Handbags at tea-time

 Husband and I are walking the dog when he tells me.

'You won't believe the ad that popped up next to my emails today.  A targeted ad.  It was outrageous.'

'Really?  What was it for?'

He's tall, my husband, but right now he stands - if possible - even taller.  I wonder why he's adopting that posture; elongating his neck, lifting his chin.  

'It was... an ad for a neck and facial exercise regime.  To help you get rid of jowls.'  He's affronted.  'Jowls?  I don't have jowls!'

He's right, he doesn't, which makes it ok to laugh.  'You're not serious?'

He pulls out his phone.  'Yes!  Look, I'll show it to you...'

I cut him off.  'God no, please don't.  I believe you, of course you got the ad.  I meant, are you seriously surprised?  We are in our fifties, after all.'

He's incredulous.  'Yes, but that doesn't mean they have to send me that shit.'

Now it's my turn to be affronted.  'OK.  This is yet another difference between men & women.  I get that crap in my feed every day.  EVERY SINGLE DAY.  I could show you a long list of ads that are offensive about the concept of what I, as a 50-something women, am expected to look like, care about, deal with - so many in fact, that I've stopped registering them,'

He seems surprised.  'Like what?.

'Oh god.  The list is endless.'  I think for a moment.  'So just before we came out, a repeat offender popped up.  Promoting an app for a keto diet.' I describe the infographic that shows a woman in different decades; teens, twenties, thirties, forties, fifties and sixties.  (Apparently there's no need to show the woman in her seventies because obviously she'll be in a home with a zimmer frame by then and not offending the world with her continued aging process.

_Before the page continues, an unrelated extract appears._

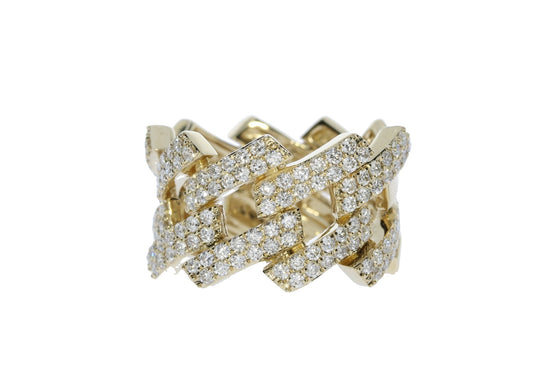 Yellow Gold Diamond Link Fashion Ring - Diamond Fashion Rings - Women's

Or dead.).

'It's all fine until they picture what a woman in her fifties is supposed to look like.  Portly, flat-footed, slightly hunched, stocky-legged, wearing her hair in a ruddy bun, and-' by now my voice is so high with indignation that it's possible only the dog can hear me - 'with a fucking handbag looped over her arm like the queen.  Or a nana, about to hand you £5 as special treat on your 21st birthday.  At fifty.  I'm fifty four.  Do I look that?'

Both husband and the dog wisely stay silent.